### Recorded information
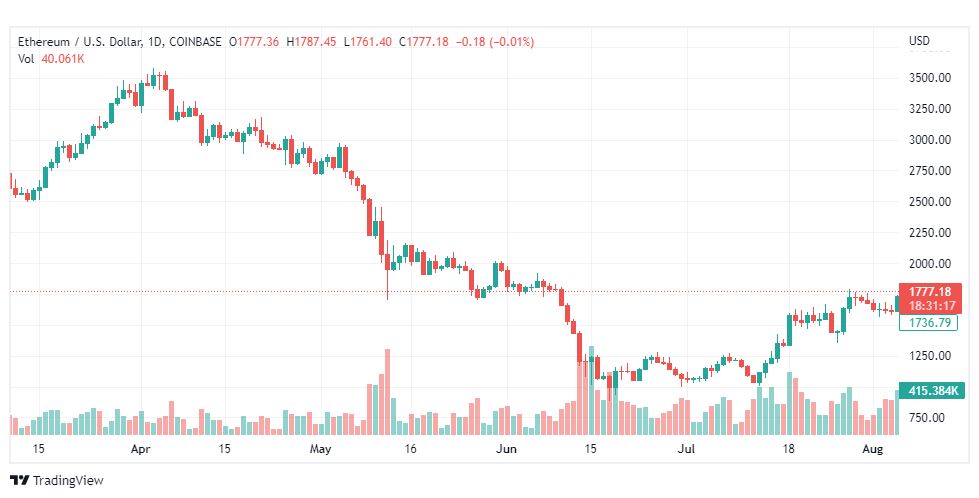تحليل الإيثريوم دولار-ETH-USD-9-8-2022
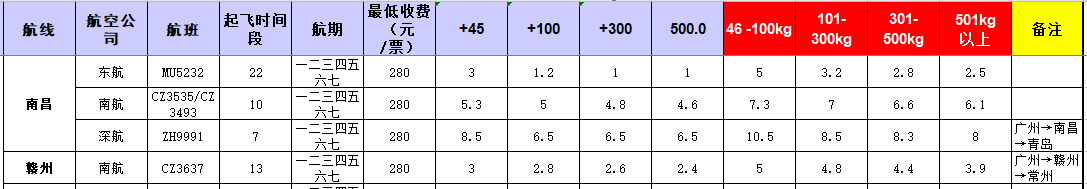 广州到南昌飞机托运价格-12月16号发布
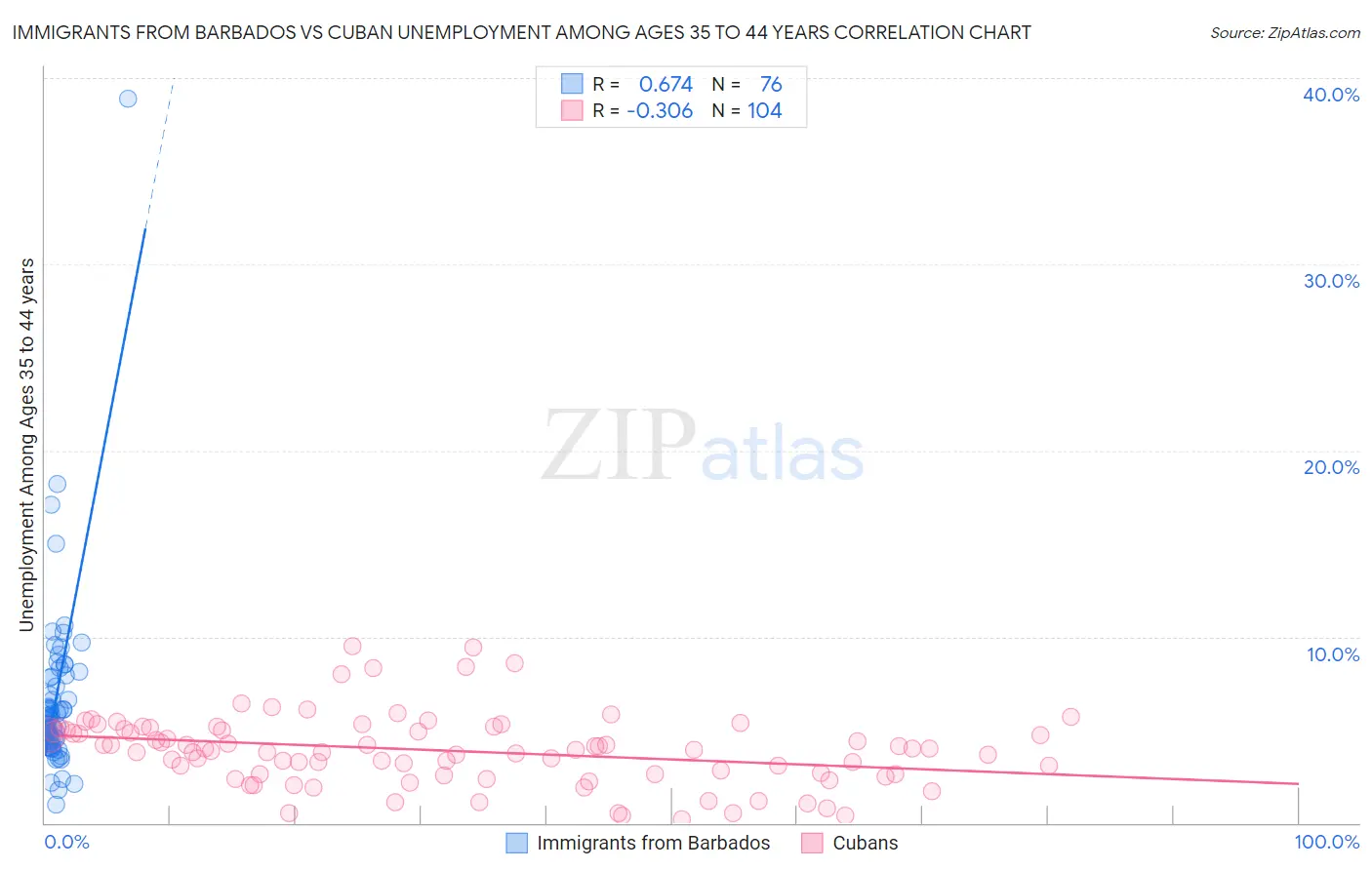 Immigrants from Barbados vs Cuban Unemployment Among Ages 35 to 44 years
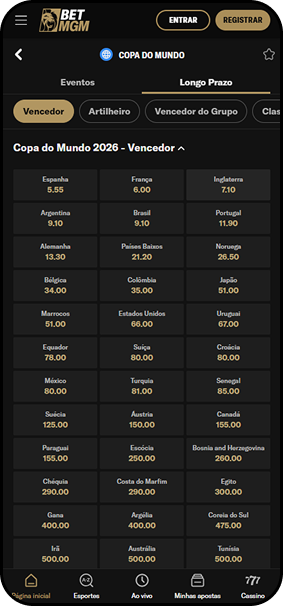 Odds de longo prazo para vencedor da Copa do Mundo 2026 na BetMGM, com Espanha favorita a 5.55 e Brasil a 9.10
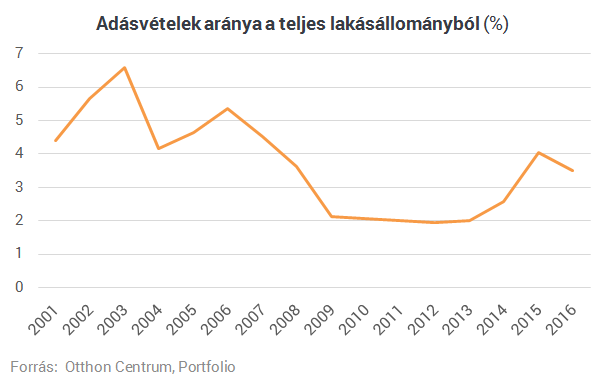 Nagyon rossz hírünk van azoknak, akik a lakásárak esésére vártak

### Goal of the exercise
Where the line containing "Odds de longo" appears, begin copying there and continue exactly through the final line of the records; both end lines belong in the copy, pictures do not.

### Answer to this task
 Odds de longo prazo para vencedor da Copa do Mundo 2026 na BetMGM, com Espanha favorita a 5.55 e Brasil a 9.10
 Nagyon rossz hírünk van azoknak, akik a lakásárak esésére vártak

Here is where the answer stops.